» **DATA SECTION**:
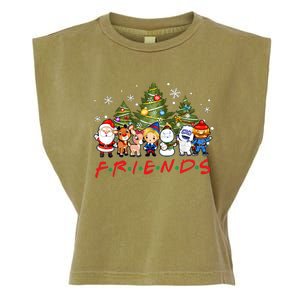 Christmas Friends Santa Rudolph Snowman Family Xmas Pajamas Garment-Dyed Women's Muscle Tee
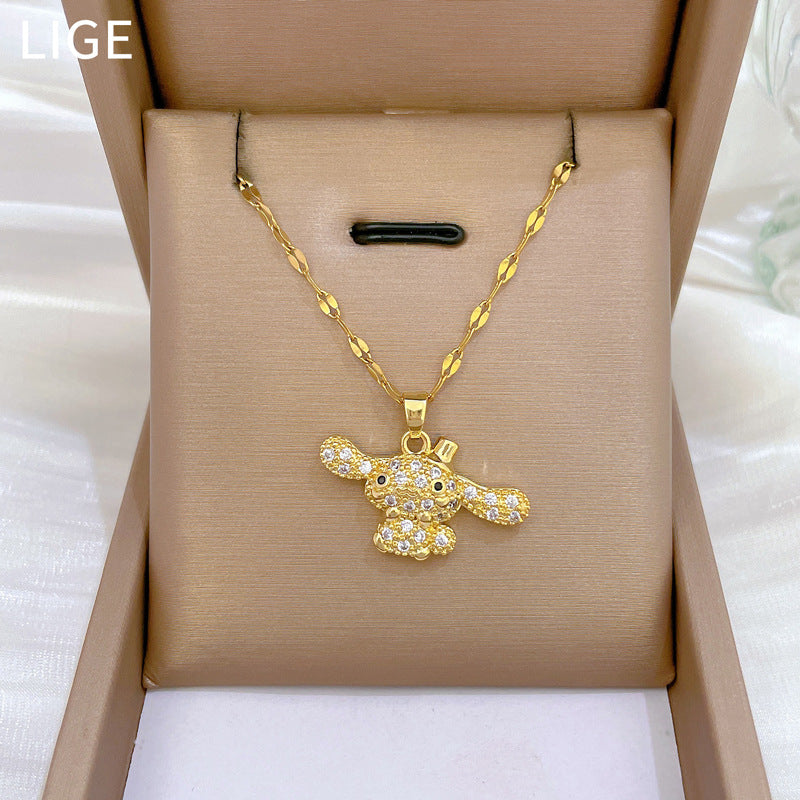 Collana con ciondolo a orsetto, lusso, strass, geometrica, in acciaio al titanio, per unisex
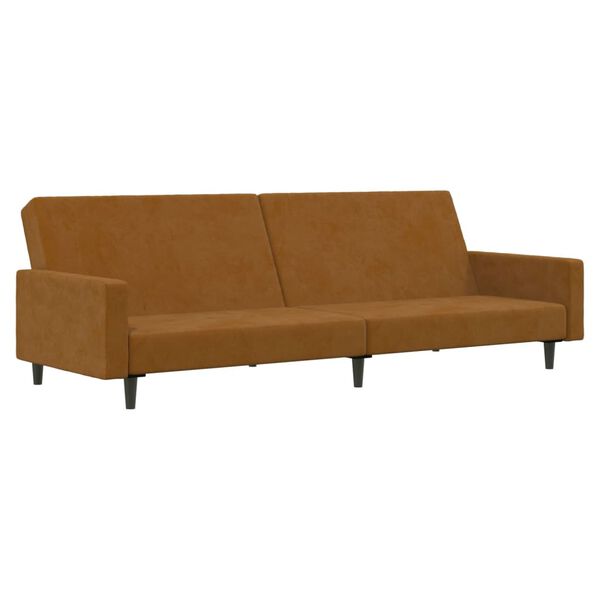 vidaXL Schlafsofa 2-Sitzer mit Fu&szlig;hocker Braun Samt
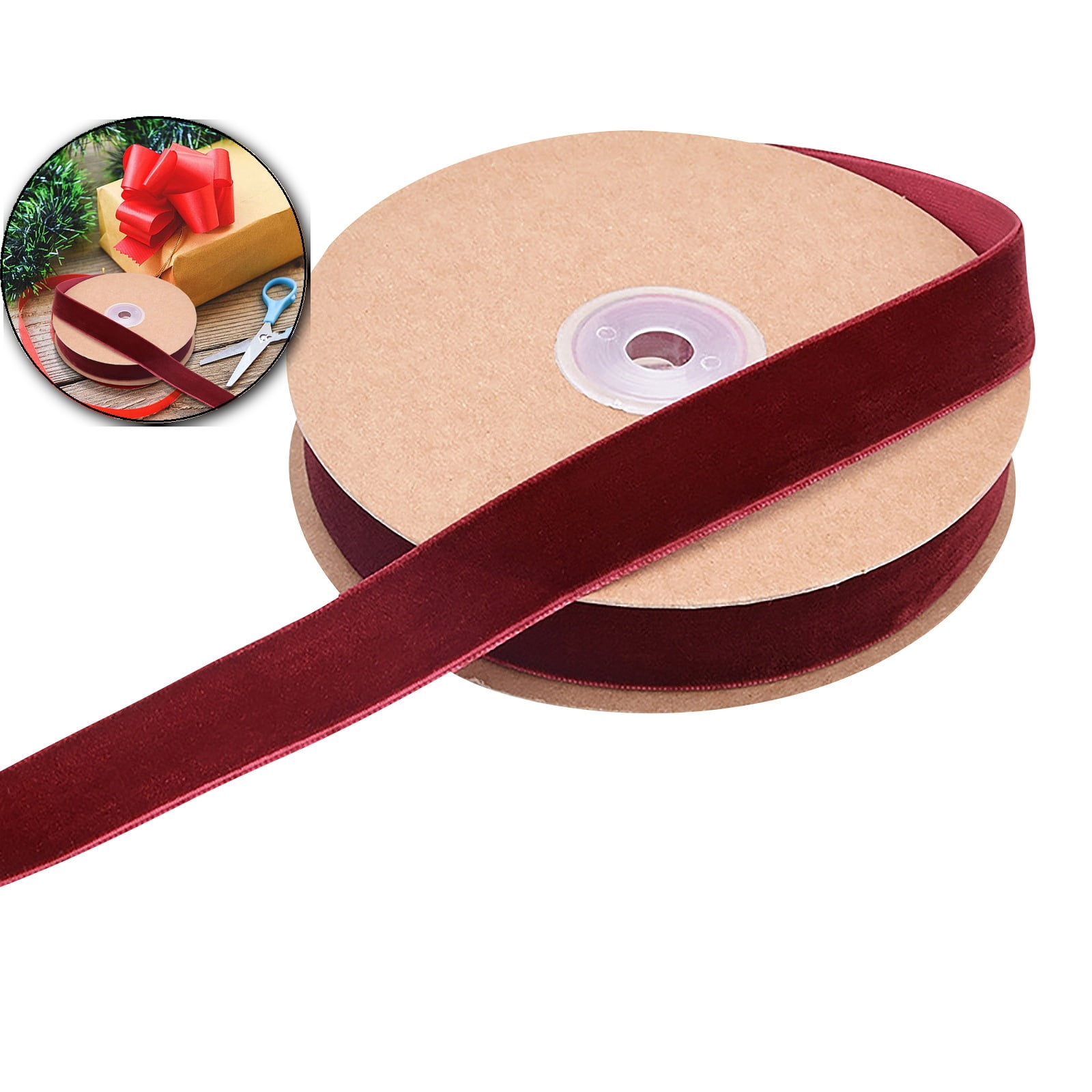 Flocking Velvet Ribbon 2cm Velvet Flocking Ribbon for Jewelry DIY Crafts and Christmas ...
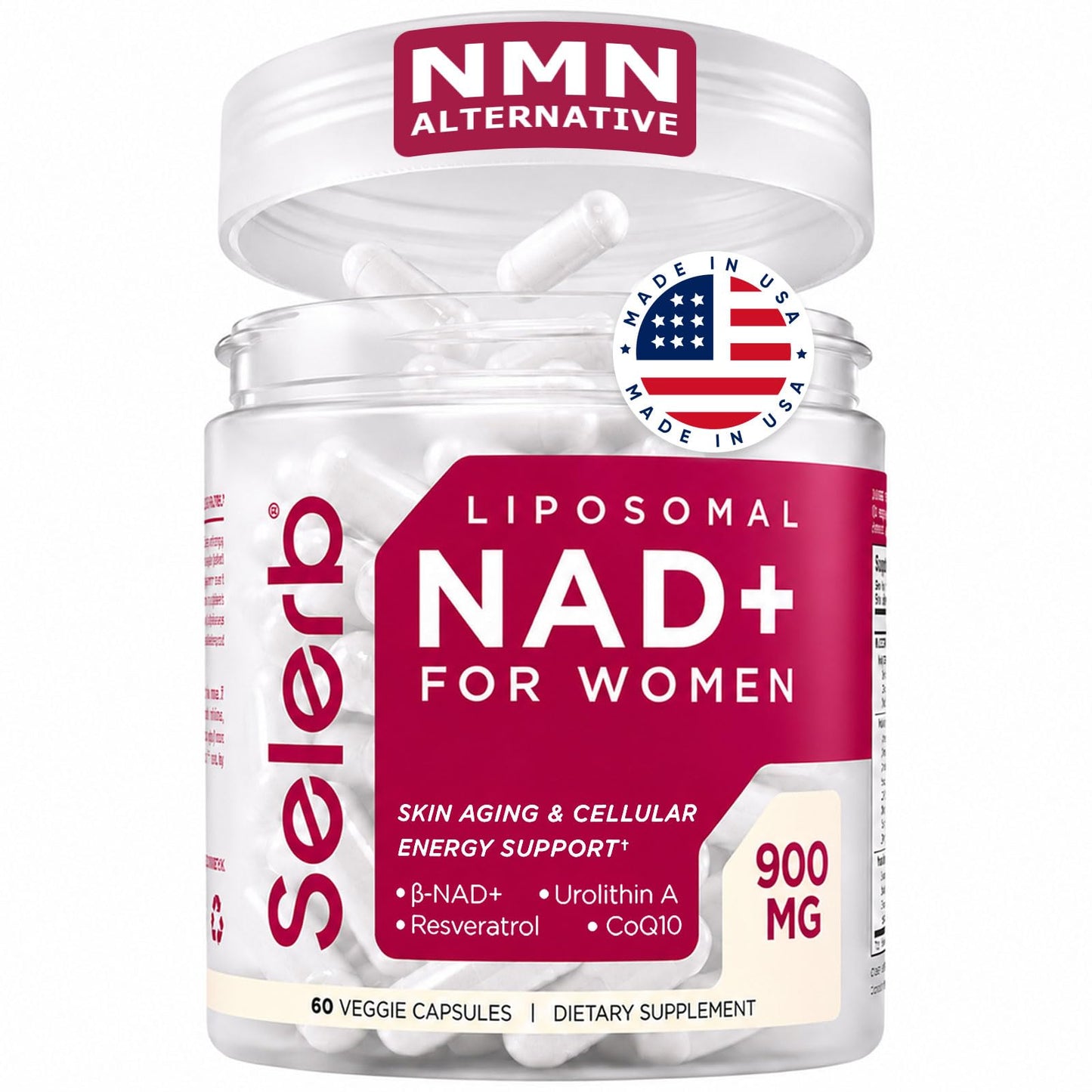 NAD+ Supplement for Women - NMN Alternative with β-NAD+, Trans-Resveratrol, CoQ10, D-Ribose - Promotes Cellular Renewal, Energy, and Radiant Skin Health - 60 Capsules Advanced
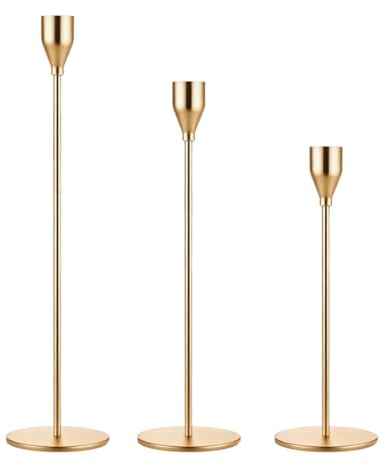 LXTaoler Candle Holders for Taper Candles, Set of 6 Metal Candle Stand Modern Decorative Candlestick Holder for Wedding, Dinning, Party (Gloden)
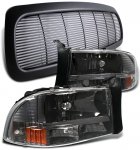 2002 Dodge Dakota Black Billet Grille and Smoked Euro Headlights Set
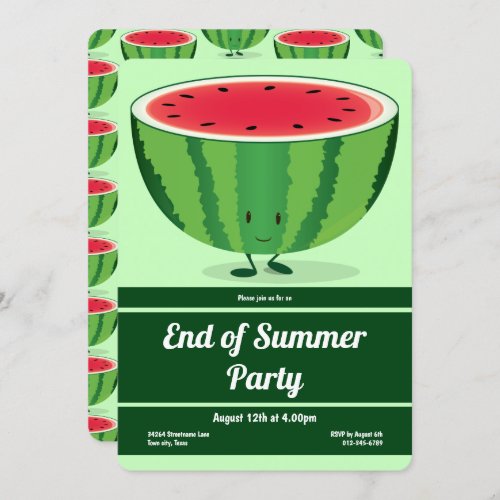End of Summer Party Green Red Watermelon Cartoon Invitation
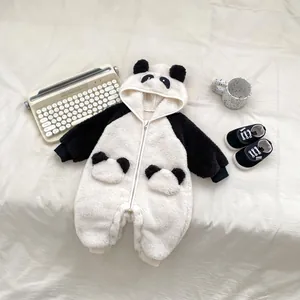 Pagliaccetto con Cappuccio Panda Invernale per Neonati in Pile Sherpa Calda Tuta a Maniche Lunghe per Neonati Ragazzi Ragazze Abbigliamento Casual Quotidiano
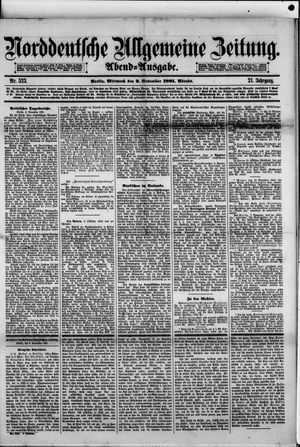 Norddeutsche allgemeine Zeitung vom 09.11.1881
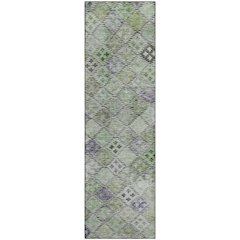Premium Machine Washable Mayfield AMF1081 Green 2'3" x 7'6" Runner Rug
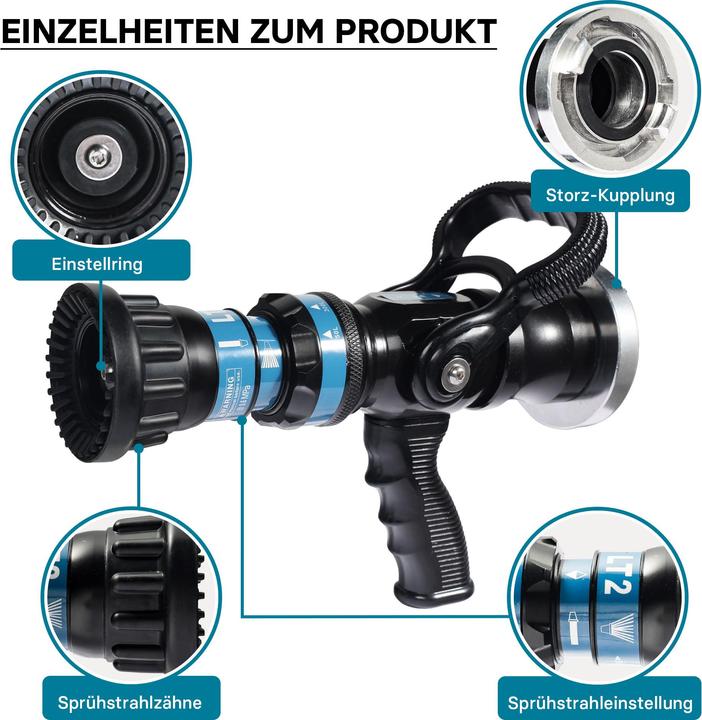 Actual product image Wiltec C Multipurpose Fire Fighting Fog Nozzle 150/200/350/500 l/min for Disaster Relief and Fire Brigades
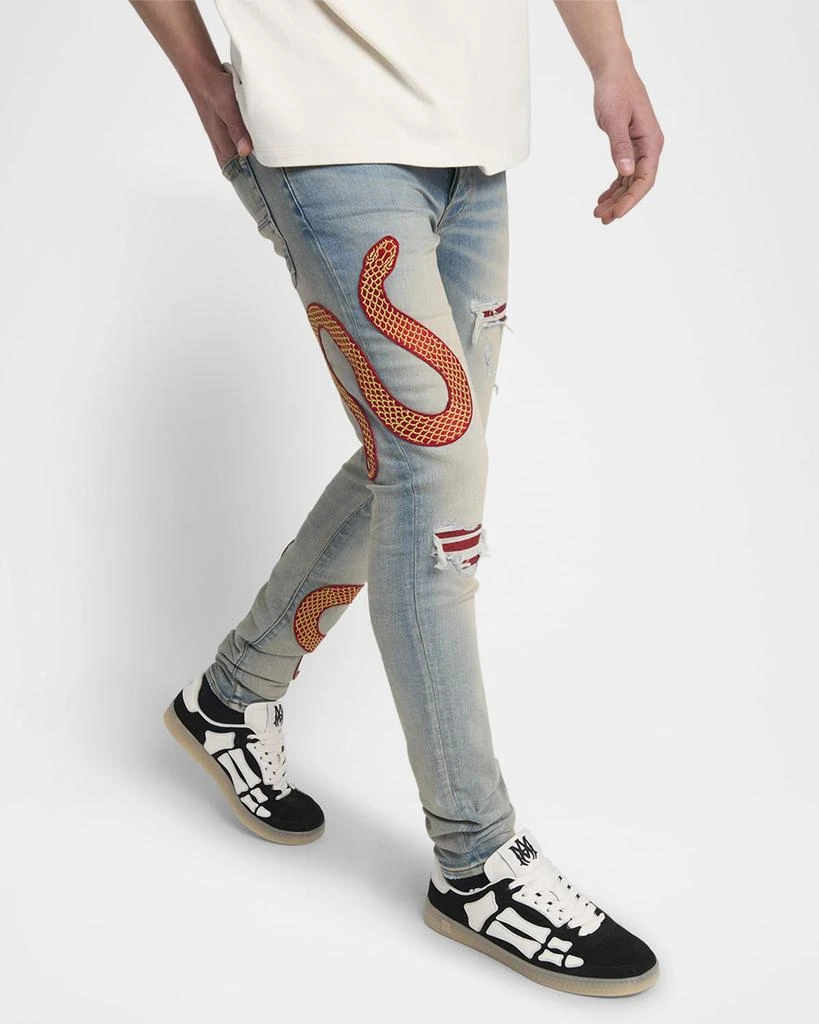 Amiri Men's Snake Applique Skinny Jeans 6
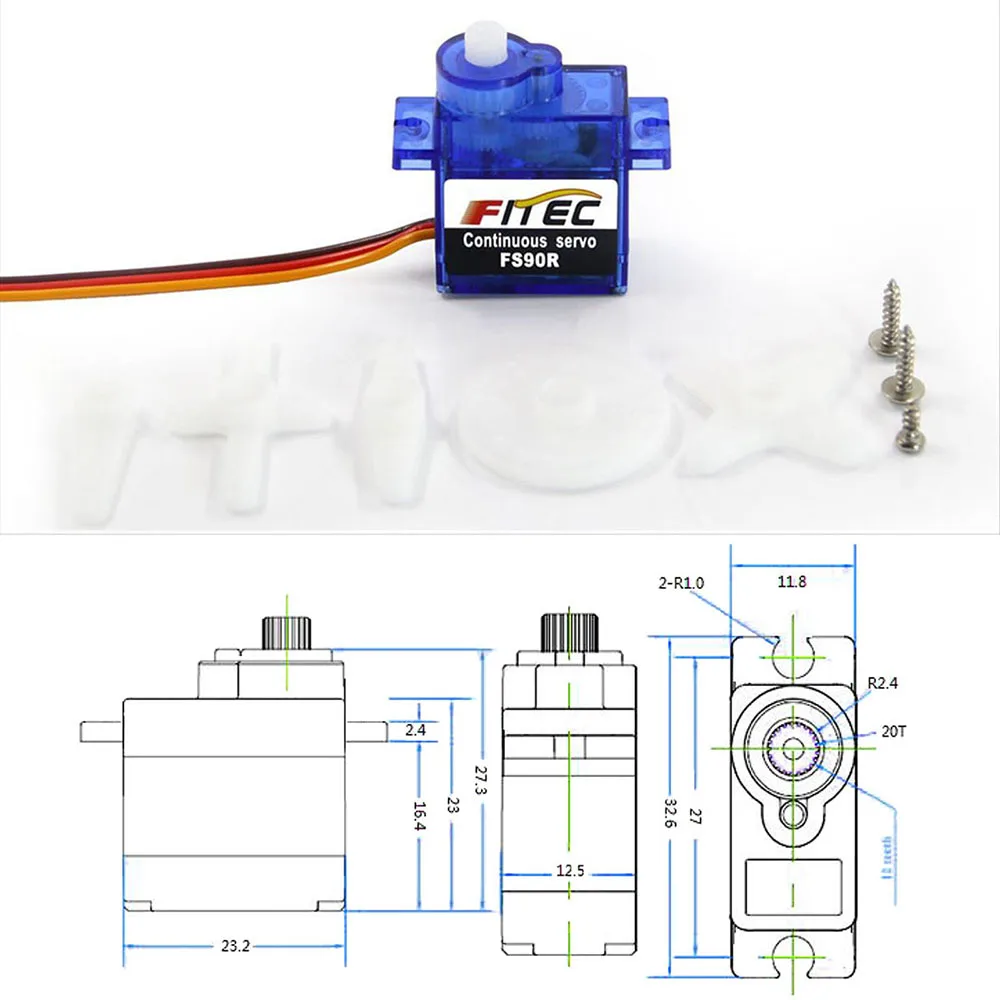 Feetech Mini FS90R Micro Servo - Servo 9G recension och pris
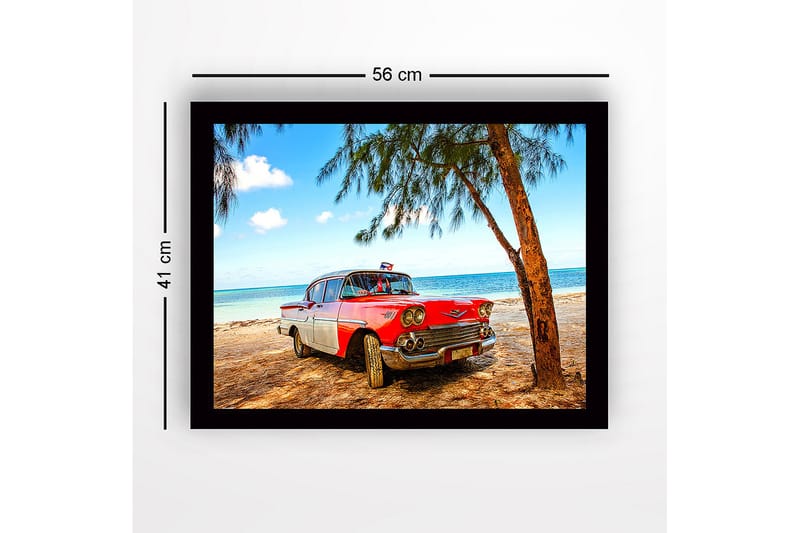 Inramad Canvastavla i trä - 41x56 cm - Vintage bil vid stranden med palmer i bakgrunden - Röd / Vit / Grå - Inredning - Tavlor & konst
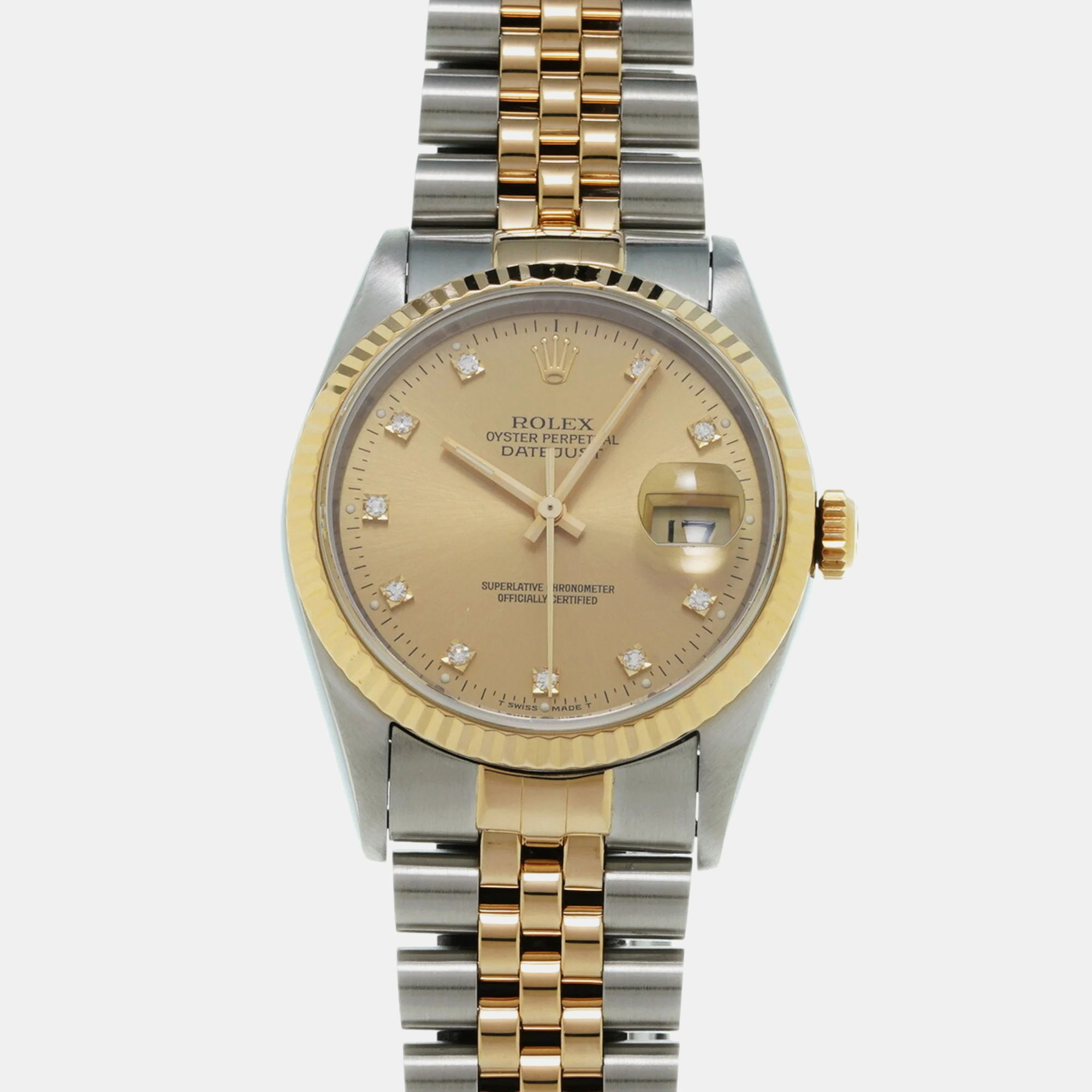 Rolex champagne diamond 18k yellow gold stainless steel datejust 16233 automatic men's wristwatch 36 mm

» **WHAT TO WORK ON**: Copy the records above exactly. Do not carry any picture into the copy.

» **ANSWER FOR THIS EXERCISE**:
 Christmas Friends Santa Rudolph Snowman Family Xmas Pajamas Garment-Dyed Women's Muscle Tee
 Collana con ciondolo a orsetto, lusso, strass, geometrica, in acciaio al titanio, per unisex
 vidaXL Schlafsofa 2-Sitzer mit Fu&szlig;hocker Braun Samt
 Flocking Velvet Ribbon 2cm Velvet Flocking Ribbon for Jewelry DIY Crafts and Christmas ...
 NAD+ Supplement for Women - NMN Alternative with β-NAD+, Trans-Resveratrol, CoQ10, D-Ribose - Promotes Cellular Renewal, Energy, and Radiant Skin Health - 60 Capsules Advanced
 LXTaoler Candle Holders for Taper Candles, Set of 6 Metal Candle Stand Modern Decorative Candlestick Holder for Wedding, Dinning, Party (Gloden)
 2002 Dodge Dakota Black Billet Grille and Smoked Euro Headlights Set
End of Summer Party Green Red Watermelon Cartoon Invitation
 Pagliaccetto con Cappuccio Panda Invernale per Neonati in Pile Sherpa Calda Tuta a Maniche Lunghe per Neonati Ragazzi Ragazze Abbigliamento Casual Quotidiano
 Norddeutsche allgemeine Zeitung vom 09.11.1881
Premium Machine Washable Mayfield AMF1081 Green 2'3" x 7'6" Runner Rug
 Actual product image Wiltec C Multipurpose Fire Fighting Fog Nozzle 150/200/350/500 l/min for Disaster Relief and Fire Brigades
 Amiri Men's Snake Applique Skinny Jeans 6
 Feetech Mini FS90R Micro Servo - Servo 9G recension och pris
 Inramad Canvastavla i trä - 41x56 cm - Vintage bil vid stranden med palmer i bakgrunden - Röd / Vit / Grå - Inredning - Tavlor & konst
 Rolex champagne diamond 18k yellow gold stainless steel datejust 16233 automatic men's wristwatch 36 mm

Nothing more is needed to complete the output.